A crise de mortandade de peixes e poluição da água do Açude Velho movimentou os órgãos de investigação da Paraíba, e a Polícia Civil com o Ministério Público do Estado investigam a hipótese de um possível crime ambiental no principal cartão-postal de Campina Grande.
Diante da grande repercussão pública e do elevado número de mortes, a Polícia Civil, por meio da Delegacia de Crimes Ambientais, instaurou um inquérito para investigar as causas da mortandade e verificar a possibilidade de crime ambiental. Amostras da água foram coletadas na noite de segunda-feira (12) e encaminhadas para perícia química no Instituto de Polícia Científica da Paraíba (IPC).
“Nós fomos acionados para realizar a perícia no Açude e fizemos o trabalho em conjunto com o Corpo de Bombeiros, que auxiliou na coleta da água em três pontos distintos — nas margens e no centro, em diferentes profundidades. Essas amostras serão analisadas em laboratórios parceiros do IPC. Ainda estamos definindo se as análises ocorrerão na Universidade Estadual da Paraíba [UEPB] ou no Instituto Nacional do Semiárido [Insa], e a Companhia de Água e Esgotos da Paraíba [Cagepa] também se colocou à disposição para colaborar. Só após a conclusão do laudo poderemos afirmar o que realmente provocou essa situação”, explicou a superintendente do IPC, Juliana Holanda.

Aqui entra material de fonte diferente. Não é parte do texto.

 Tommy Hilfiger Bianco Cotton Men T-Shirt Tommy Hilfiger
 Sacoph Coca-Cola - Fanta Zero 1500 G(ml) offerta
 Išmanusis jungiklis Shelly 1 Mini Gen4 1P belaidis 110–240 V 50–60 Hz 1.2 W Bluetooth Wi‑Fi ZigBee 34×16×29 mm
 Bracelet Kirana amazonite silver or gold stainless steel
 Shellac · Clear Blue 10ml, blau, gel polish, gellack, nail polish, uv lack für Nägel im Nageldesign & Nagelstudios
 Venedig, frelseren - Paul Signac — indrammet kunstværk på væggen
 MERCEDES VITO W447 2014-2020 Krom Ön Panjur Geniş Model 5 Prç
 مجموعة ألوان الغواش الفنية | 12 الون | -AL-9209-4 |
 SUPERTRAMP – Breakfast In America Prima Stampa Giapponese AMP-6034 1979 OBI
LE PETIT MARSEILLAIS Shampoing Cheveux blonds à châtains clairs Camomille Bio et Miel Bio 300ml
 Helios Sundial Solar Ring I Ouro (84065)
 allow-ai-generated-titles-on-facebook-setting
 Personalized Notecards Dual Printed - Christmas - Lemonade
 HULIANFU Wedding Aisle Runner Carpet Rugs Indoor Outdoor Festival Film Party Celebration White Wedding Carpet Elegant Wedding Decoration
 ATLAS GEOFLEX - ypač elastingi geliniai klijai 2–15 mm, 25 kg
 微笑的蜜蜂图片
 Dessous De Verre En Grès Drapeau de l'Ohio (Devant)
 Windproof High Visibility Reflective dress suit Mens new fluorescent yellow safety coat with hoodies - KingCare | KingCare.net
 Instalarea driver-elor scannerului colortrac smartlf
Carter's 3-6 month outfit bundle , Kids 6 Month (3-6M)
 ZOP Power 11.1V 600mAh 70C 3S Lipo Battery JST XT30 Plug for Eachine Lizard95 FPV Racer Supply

A coleta resultou em seis frascos de 80 ml cada um, que serão examinados pela equipe de peritos químicos do IPC. “A amostragem em diferentes pontos é essencial, já que fatores como matéria orgânica, oxigênio dissolvido, nitratos, nitritos e coliformes fecais podem variar conforme a localização. Faremos uma análise completa, e é importante destacar que, mesmo com o apoio de laboratórios parceiros, a custódia das amostras permanece com o perito, que acompanha todo o processo até a liberação do laudo”, explicou Aline Sales, perita química do IPC.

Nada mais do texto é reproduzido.